# Bibleworks 8 users?



## re4med (Sep 10, 2009)

I was wondering how many here on the PB use Bible Works 8? I have it as well as LOGOS Scholars - Gold. So chime in....


----------



## Classical Presbyterian (Sep 10, 2009)

We're not all made of money....


----------



## re4med (Sep 10, 2009)

ROFL!!


----------



## Wayne (Sep 10, 2009)

Still using BW7 until the money tree sprouts.


----------



## Herald (Sep 10, 2009)

I have BW 6.0. Haven't found a compelling enough reason to drop a few hundred $$.


----------



## Herald (Sep 10, 2009)

Wayne said:


> Still using BW7 until the money tree sprouts.


You have a money tree? I have to get up each morning and glean the fields of those who harvest money. They're not leaving much behind these days.


----------



## Wannabee (Sep 10, 2009)

Herald said:


> Wayne said:
> 
> 
> > Still using BW7 until the money tree sprouts.
> ...



Seal some currency in a container and plant it in your yard. Wait about 2000 years and it'll be worth something.


----------



## Puritan Sailor (Sep 10, 2009)

I'm still using Bibleworks 6


----------



## fredtgreco (Sep 10, 2009)

I have Bibleworks 8 and Logos Scholars (not Gold). I find them both very useful for different tasks.


----------



## DMcFadden (Sep 10, 2009)

I use Logos (4,386 unlocks/resources)
e-Sword (1,388 resources) - FREE
the Word (2,546 resources) - FREE
Word Search (821 resources) - about 250 of which are free
Quick Verse (567 resources) - many available for donation from Ephesians4
Biblesoft - (420+ resources but mainly used for books not available as unlocks in Logos)
Pradis - (51 resources, mainly used for Life Application Commentary)
Puritan/Reformed - (1,600 resources from SWRB)

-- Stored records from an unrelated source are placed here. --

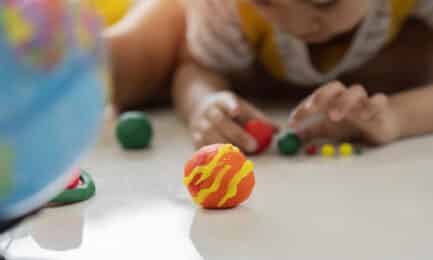 A young boy explores the planets with playdough and a globe.
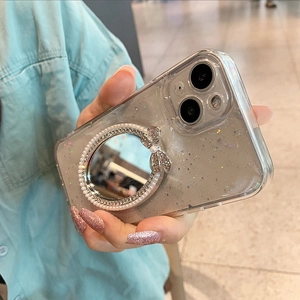 Close-up of clear iPhone case with glitter finish featuring a pearl-encrusted vanity mirror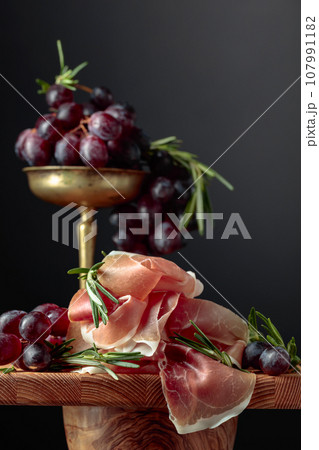 Prosciutto with grapes and rosemary. Prosciutto with grapes and rosemary. 107991182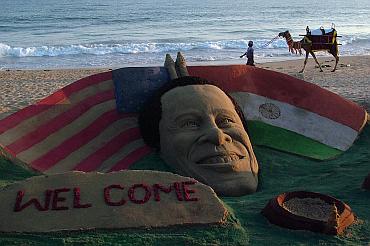 A sand sculpture of U.S. President Barack Obama on a beach in Puri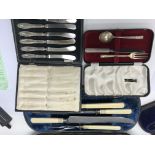 A cased carving set with silver collars together w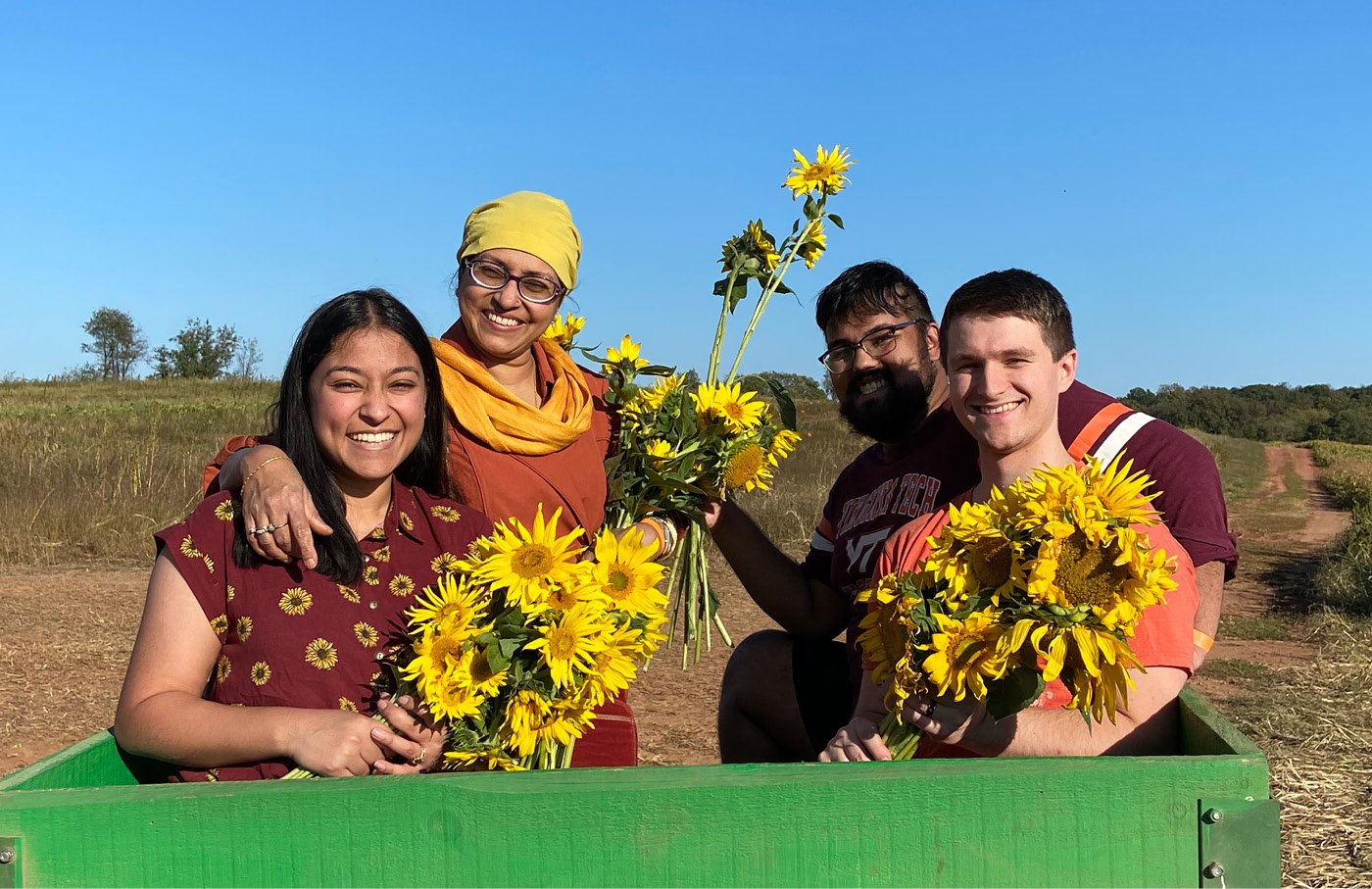 Four people holding sunflowers in a field, smiling, under a clear blue sky.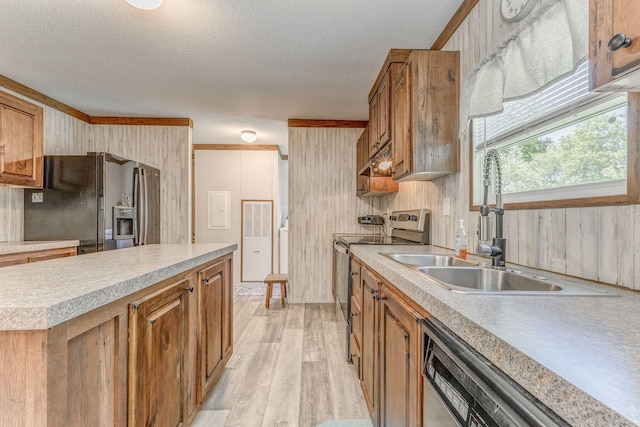 1005 Cohutta Beaverdale Rd, Cohutta, GA 30710 - kitchen featuring appliances with stainless steel finishes, a sink, light wood finished floors, brown cabinetry, and wooden walls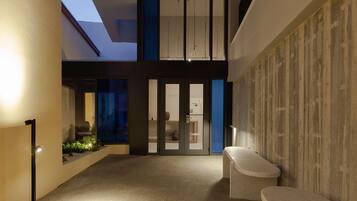 A modern interior with a high ceiling, a seating area, and a view through a glass door.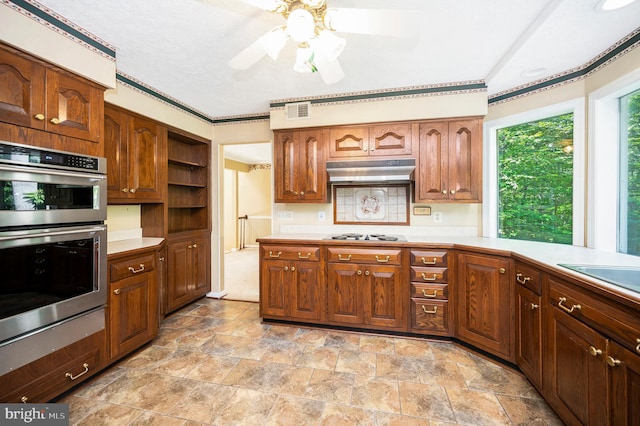 5599 Small Oak Ct, Woodbridge, VA 22192 - kitchen with stainless steel double oven, light countertops, under cabinet range hood, a ceiling fan, and open shelves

The quickest program is e-Sword or theWord and the most full featured is Logos.


----------



## ClayPot (Sep 10, 2009)

I use Accordance for Mac.


----------



## puritanpilgrim (Sep 10, 2009)

I have BW6


----------



## PresbyDane (Sep 10, 2009)

I have logos but only a "Bible study library version"

If only I had the money for a "Sholars Gold"


----------



## Michael Doyle (Sep 10, 2009)

I have Logos Scholars and ESword


----------



## Irish Presbyterian (Sep 10, 2009)

Using Bibleworks 7 at work and Accordance at home.


----------



## jogri17 (Sep 10, 2009)

I won Logos Gold free in a contest and I am not even in seminary yet lol


----------